● **Directions for this task**
List each line of the data that holds the string "with", please.

● **The records**
****************
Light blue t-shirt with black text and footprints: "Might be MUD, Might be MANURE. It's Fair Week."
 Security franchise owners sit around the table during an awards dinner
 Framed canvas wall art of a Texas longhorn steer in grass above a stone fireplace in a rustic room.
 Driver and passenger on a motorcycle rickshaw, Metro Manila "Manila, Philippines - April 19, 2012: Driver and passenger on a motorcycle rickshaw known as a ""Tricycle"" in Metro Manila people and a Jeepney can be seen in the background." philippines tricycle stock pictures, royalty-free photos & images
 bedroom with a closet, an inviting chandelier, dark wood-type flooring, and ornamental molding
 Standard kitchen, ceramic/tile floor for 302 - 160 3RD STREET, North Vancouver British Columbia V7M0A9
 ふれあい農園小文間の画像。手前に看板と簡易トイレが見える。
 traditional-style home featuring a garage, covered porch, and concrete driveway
****************
● **Response box**
Light blue t-shirt with black text and footprints: "Might be MUD, Might be MANURE. It's Fair Week."
 bedroom with a closet, an inviting chandelier, dark wood-type flooring, and ornamental molding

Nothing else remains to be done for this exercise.